## Information provided

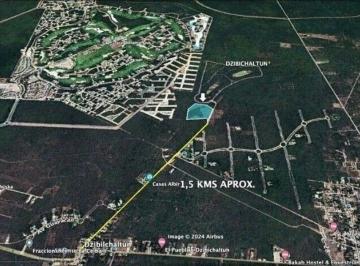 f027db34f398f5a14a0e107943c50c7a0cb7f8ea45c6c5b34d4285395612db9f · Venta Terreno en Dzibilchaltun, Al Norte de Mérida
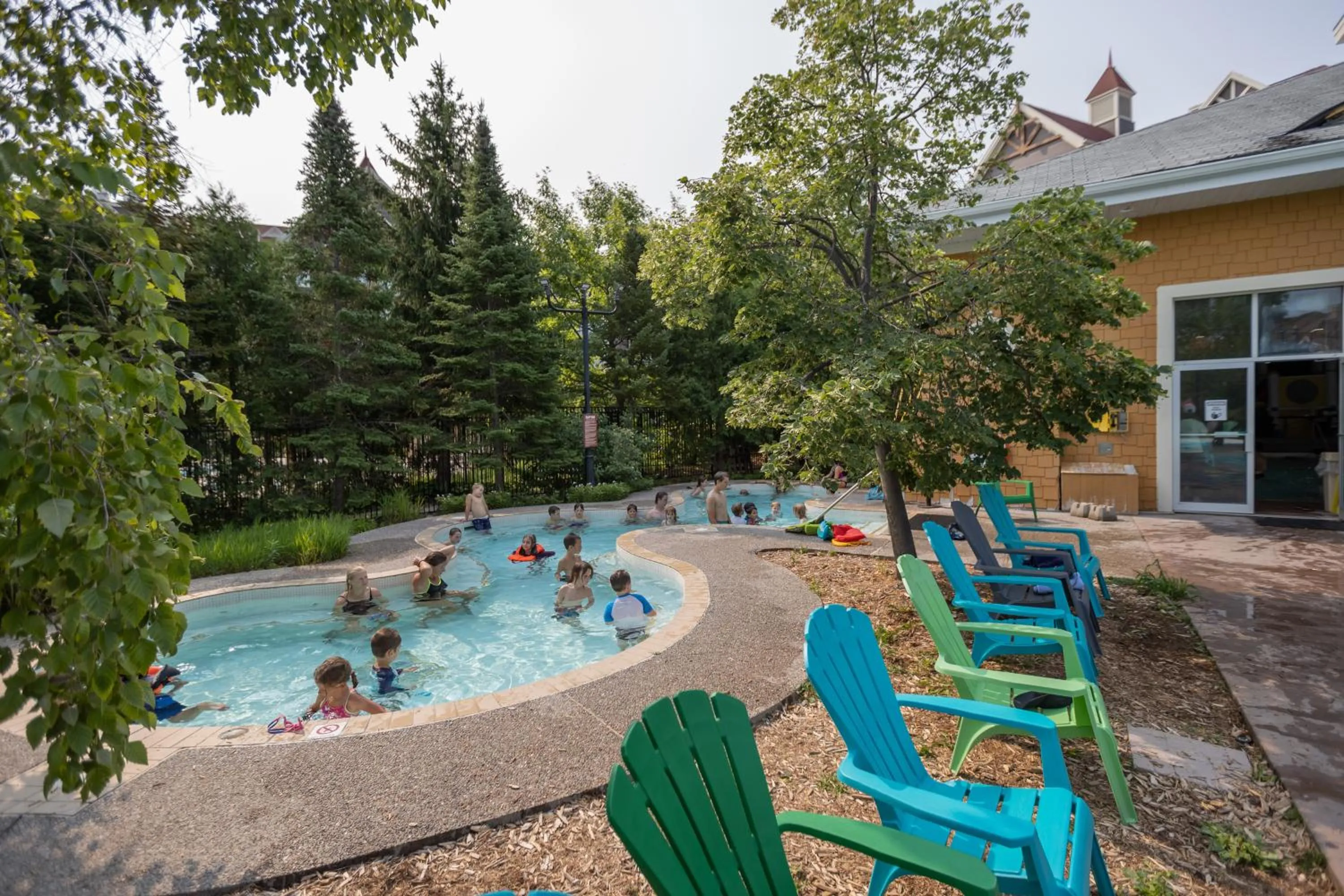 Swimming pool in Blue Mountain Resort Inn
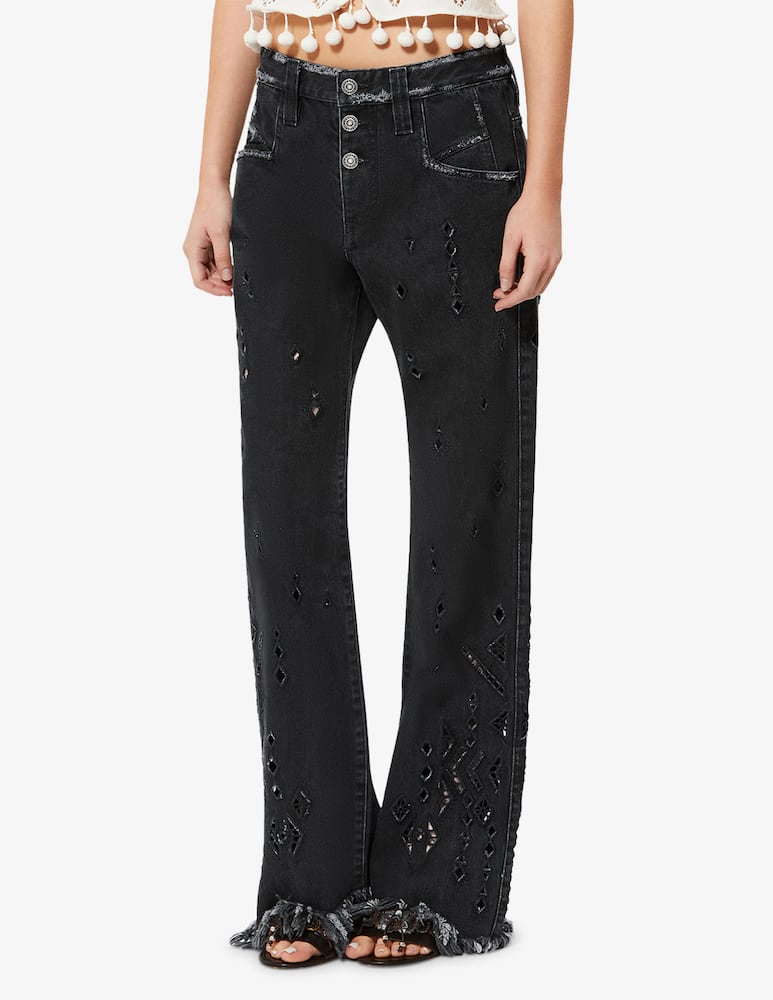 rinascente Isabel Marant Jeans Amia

## What is expected
Omit the pictures, then output the rest of the listing exactly.

## Solution to the problem
 f027db34f398f5a14a0e107943c50c7a0cb7f8ea45c6c5b34d4285395612db9f · Venta Terreno en Dzibilchaltun, Al Norte de Mérida
 Swimming pool in Blue Mountain Resort Inn
 rinascente Isabel Marant Jeans Amia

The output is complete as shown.